PROBLEM TO WORK ON
Taking the line that contains "Taxa de juros" as the starting point, give again exactly every line up to and including the last line of the records below.

INFORMATION SHOWN
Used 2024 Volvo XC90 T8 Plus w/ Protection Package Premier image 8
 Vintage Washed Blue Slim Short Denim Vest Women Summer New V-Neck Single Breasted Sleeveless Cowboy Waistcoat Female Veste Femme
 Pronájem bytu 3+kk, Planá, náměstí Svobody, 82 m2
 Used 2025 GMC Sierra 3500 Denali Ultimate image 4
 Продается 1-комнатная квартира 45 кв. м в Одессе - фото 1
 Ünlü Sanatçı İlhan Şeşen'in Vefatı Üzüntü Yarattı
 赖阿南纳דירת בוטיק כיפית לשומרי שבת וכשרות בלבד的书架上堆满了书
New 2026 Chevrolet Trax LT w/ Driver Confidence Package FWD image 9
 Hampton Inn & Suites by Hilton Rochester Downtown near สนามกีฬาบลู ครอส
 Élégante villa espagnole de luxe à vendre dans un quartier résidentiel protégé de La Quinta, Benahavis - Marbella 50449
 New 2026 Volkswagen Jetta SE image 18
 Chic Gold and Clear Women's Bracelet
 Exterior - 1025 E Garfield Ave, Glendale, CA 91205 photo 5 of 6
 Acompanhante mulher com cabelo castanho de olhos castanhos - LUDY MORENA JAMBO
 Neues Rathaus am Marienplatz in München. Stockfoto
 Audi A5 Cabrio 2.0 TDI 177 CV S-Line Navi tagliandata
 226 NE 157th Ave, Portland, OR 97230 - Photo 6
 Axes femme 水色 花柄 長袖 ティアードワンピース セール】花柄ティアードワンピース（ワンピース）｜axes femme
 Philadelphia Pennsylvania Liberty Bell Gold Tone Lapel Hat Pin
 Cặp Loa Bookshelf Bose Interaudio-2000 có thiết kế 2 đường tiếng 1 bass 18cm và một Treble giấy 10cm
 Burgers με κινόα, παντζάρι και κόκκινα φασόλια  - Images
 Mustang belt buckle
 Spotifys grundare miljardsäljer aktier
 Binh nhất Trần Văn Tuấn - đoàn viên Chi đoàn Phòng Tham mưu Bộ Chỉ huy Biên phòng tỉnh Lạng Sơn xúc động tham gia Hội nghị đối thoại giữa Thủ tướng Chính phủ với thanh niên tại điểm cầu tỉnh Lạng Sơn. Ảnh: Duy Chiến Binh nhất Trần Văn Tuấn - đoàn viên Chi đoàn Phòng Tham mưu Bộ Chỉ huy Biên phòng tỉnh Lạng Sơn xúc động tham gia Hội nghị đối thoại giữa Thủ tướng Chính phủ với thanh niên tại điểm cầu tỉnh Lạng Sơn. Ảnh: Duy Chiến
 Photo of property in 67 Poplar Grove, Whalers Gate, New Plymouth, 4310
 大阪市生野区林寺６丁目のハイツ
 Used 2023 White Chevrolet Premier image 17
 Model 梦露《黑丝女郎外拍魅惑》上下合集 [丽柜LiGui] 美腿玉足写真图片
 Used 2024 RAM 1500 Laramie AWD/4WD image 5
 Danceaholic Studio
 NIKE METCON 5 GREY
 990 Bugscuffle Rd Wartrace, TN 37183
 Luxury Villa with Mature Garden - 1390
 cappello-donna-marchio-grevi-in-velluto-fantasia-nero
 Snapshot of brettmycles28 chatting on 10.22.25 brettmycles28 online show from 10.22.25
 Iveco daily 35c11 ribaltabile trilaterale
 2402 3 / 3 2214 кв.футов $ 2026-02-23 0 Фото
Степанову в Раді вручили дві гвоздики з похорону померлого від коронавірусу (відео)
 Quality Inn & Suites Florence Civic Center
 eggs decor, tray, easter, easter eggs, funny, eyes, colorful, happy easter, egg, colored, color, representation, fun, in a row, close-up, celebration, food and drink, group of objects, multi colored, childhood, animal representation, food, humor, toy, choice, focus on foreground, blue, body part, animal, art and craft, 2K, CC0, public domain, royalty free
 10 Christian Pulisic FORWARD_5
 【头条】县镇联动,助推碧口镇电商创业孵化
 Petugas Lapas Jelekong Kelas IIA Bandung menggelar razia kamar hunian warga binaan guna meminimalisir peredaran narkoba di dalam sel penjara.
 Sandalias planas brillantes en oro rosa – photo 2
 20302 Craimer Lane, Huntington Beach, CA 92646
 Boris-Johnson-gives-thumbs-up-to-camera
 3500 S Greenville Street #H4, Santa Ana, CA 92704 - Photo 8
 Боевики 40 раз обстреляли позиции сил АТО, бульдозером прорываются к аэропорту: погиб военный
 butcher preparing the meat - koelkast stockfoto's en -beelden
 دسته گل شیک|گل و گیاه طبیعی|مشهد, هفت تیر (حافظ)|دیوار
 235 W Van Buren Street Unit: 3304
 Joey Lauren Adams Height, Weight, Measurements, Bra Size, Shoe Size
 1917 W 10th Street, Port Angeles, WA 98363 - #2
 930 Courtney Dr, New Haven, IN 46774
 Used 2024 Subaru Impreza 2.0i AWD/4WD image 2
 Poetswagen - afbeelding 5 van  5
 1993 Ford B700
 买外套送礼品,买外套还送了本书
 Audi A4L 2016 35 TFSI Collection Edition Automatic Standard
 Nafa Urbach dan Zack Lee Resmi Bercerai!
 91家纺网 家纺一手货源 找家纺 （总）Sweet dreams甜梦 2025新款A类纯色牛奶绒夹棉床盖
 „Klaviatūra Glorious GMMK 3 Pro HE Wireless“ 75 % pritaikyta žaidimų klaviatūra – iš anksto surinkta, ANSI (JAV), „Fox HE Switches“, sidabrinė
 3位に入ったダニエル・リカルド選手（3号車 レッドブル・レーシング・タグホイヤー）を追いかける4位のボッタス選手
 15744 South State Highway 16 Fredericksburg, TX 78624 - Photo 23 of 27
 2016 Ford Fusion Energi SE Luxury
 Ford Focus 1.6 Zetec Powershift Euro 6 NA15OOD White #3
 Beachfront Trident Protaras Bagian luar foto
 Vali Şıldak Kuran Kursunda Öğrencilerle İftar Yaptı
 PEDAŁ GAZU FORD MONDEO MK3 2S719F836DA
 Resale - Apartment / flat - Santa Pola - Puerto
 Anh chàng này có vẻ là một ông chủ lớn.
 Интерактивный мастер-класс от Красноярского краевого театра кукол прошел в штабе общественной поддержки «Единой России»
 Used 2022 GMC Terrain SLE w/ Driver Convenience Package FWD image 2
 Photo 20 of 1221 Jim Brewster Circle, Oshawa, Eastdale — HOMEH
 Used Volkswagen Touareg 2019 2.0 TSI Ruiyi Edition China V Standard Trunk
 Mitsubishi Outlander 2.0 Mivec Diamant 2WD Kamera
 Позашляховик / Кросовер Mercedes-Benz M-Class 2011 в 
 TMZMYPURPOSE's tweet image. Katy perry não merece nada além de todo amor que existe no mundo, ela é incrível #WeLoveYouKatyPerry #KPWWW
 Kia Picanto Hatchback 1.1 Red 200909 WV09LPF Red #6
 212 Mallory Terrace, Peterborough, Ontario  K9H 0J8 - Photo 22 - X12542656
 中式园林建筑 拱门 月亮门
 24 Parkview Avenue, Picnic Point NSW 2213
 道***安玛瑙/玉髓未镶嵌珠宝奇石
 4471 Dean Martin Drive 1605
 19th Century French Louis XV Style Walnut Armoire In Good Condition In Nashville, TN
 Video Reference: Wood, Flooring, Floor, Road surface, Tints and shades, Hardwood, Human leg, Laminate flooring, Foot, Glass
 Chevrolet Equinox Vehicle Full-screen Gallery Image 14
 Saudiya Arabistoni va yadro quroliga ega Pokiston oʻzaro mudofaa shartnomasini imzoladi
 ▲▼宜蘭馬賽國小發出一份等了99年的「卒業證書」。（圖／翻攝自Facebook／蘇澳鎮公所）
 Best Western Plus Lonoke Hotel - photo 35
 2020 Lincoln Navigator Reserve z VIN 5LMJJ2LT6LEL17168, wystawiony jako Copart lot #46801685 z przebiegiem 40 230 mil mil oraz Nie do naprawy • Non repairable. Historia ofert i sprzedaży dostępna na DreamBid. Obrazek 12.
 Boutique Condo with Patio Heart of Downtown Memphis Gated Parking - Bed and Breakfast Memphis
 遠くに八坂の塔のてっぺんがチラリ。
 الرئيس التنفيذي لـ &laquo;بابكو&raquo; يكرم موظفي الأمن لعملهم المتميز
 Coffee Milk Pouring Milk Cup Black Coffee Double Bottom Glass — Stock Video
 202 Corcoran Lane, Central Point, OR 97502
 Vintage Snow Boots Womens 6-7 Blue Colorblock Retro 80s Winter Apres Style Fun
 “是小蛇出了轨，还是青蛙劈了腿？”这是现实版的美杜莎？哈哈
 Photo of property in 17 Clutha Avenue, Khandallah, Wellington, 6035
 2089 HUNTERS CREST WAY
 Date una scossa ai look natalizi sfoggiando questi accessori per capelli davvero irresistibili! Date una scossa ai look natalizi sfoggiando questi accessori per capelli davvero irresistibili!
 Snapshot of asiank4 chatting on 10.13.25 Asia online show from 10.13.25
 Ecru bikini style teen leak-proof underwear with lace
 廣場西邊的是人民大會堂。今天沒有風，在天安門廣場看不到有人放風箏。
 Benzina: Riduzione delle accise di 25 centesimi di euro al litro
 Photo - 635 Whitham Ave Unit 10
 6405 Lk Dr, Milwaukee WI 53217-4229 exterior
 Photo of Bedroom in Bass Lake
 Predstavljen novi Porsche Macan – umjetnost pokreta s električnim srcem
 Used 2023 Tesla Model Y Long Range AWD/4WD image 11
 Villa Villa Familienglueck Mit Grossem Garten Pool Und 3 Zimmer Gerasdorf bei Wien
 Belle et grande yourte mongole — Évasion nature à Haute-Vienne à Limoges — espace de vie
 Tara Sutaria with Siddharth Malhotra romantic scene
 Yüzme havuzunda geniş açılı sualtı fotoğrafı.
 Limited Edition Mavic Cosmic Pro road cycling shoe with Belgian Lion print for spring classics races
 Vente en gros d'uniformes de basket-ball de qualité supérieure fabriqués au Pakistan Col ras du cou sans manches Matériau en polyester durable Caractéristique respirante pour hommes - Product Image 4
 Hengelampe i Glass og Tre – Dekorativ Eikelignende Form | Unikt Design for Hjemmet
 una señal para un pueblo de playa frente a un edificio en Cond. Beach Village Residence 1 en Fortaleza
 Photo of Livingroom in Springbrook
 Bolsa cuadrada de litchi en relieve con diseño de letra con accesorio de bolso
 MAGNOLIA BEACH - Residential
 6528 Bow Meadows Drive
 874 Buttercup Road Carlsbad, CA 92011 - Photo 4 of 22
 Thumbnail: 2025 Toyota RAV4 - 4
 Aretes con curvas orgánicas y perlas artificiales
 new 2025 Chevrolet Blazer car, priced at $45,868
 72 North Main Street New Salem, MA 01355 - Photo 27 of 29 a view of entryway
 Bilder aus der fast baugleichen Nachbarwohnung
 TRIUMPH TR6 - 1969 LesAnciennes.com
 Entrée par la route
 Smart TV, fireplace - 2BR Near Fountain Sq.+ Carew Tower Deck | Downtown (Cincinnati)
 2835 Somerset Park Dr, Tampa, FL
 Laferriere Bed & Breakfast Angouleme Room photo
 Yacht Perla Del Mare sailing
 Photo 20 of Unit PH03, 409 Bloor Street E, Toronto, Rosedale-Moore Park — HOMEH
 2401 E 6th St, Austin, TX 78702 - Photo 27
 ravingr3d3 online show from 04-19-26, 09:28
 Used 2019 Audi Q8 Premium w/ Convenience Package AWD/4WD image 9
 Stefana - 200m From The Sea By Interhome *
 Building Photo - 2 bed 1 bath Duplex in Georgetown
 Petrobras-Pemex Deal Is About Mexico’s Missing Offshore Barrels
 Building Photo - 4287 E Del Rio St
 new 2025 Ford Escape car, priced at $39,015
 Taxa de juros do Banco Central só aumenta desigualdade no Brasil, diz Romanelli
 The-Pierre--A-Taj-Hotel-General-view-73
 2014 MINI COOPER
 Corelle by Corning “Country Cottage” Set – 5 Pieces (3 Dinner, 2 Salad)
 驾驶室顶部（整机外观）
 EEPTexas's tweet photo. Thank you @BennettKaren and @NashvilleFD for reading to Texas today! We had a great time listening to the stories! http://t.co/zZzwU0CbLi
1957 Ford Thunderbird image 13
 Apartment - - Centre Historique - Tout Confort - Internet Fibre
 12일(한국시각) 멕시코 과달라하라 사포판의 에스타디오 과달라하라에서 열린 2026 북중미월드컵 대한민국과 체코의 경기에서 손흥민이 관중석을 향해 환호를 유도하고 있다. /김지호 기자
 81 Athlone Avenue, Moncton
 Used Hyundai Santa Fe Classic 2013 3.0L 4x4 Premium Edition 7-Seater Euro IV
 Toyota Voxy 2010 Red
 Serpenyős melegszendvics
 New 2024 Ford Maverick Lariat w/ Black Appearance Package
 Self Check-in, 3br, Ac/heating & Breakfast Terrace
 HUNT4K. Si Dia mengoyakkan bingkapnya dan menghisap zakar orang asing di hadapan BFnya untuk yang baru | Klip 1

WRITTEN ANSWER
 Taxa de juros do Banco Central só aumenta desigualdade no Brasil, diz Romanelli
 The-Pierre--A-Taj-Hotel-General-view-73
 2014 MINI COOPER
 Corelle by Corning “Country Cottage” Set – 5 Pieces (3 Dinner, 2 Salad)
 驾驶室顶部（整机外观）
 EEPTexas's tweet photo. Thank you @BennettKaren and @NashvilleFD for reading to Texas today! We had a great time listening to the stories! http://t.co/zZzwU0CbLi
1957 Ford Thunderbird image 13
 Apartment - - Centre Historique - Tout Confort - Internet Fibre
 12일(한국시각) 멕시코 과달라하라 사포판의 에스타디오 과달라하라에서 열린 2026 북중미월드컵 대한민국과 체코의 경기에서 손흥민이 관중석을 향해 환호를 유도하고 있다. /김지호 기자
 81 Athlone Avenue, Moncton
 Used Hyundai Santa Fe Classic 2013 3.0L 4x4 Premium Edition 7-Seater Euro IV
 Toyota Voxy 2010 Red
 Serpenyős melegszendvics
 New 2024 Ford Maverick Lariat w/ Black Appearance Package
 Self Check-in, 3br, Ac/heating & Breakfast Terrace
 HUNT4K. Si Dia mengoyakkan bingkapnya dan menghisap zakar orang asing di hadapan BFnya untuk yang baru | Klip 1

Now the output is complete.